Despite its hefty runtime, and the fact that it’s just one part of a four-movie set, Horizon – Chapter 1 is not a well-paced Old West saga, and I think that’s the key problem most viewers have. It either needed to be created in more concise chunks (like a TV series) that gave us unbroken screentime with only one or two groups of characters to understand their motivations, OR it needed to be less ambitious. I’d prefer the former.
I easily sat through the four and a half hours of Dead Man’s Walk because it combined great pacing with enough time to become invested in the characters.
Horizon’s first instalment demands what feels like infinite patience from its audience, as it hurls into our faces character after character and subplot after subplot, without giving us enough time to breathe and enjoy this universe Costner created.
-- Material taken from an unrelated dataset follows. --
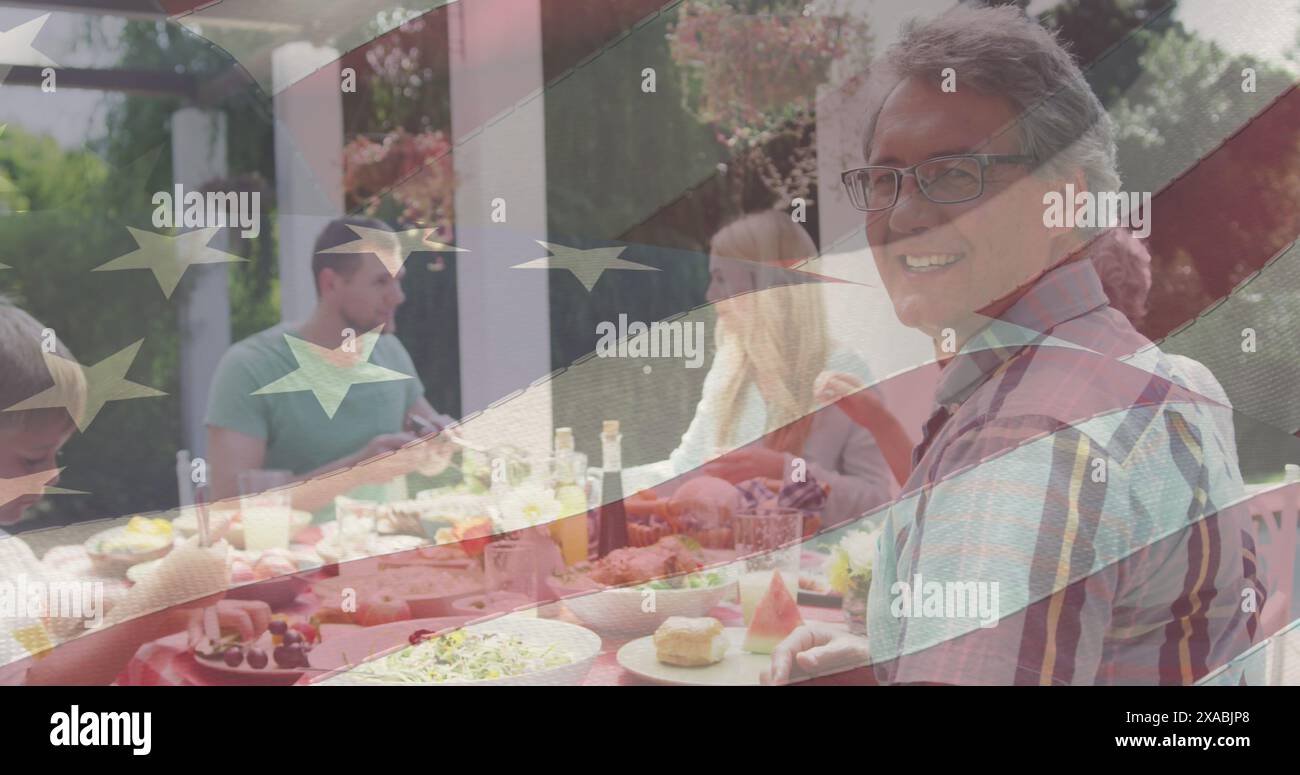 Image of american flag over happy caucasian family having dinner and smiling Stock Photo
It’s also a bit too saccharine for Western fans who like the grit and realism of the true Old West, which is what it purports to capture. It’s a little more country, and modern audiences are little more rock ‘n roll. We don’t want a romanticized story, we want the director to trust us to digest the hard, honest facts and still love the overall picture. I’m not 100% in agreement with that preference, I just get that it could be contributing to the negative reviews.
I genuinely hope that the shortcomings are just the result of only being exposed to Horizon’s introductory chapter. Costner has also given us some of the genre’s best in Open Range. We know he’s a capable director, and he has such a love for Westerns.
Would I have preferred to binge an entire ‘season one’ of Horizon with more time for every single character over 10-12 episodes? Hell yes. But I will be at the theatre to see Chapter 2, whenever it comes out.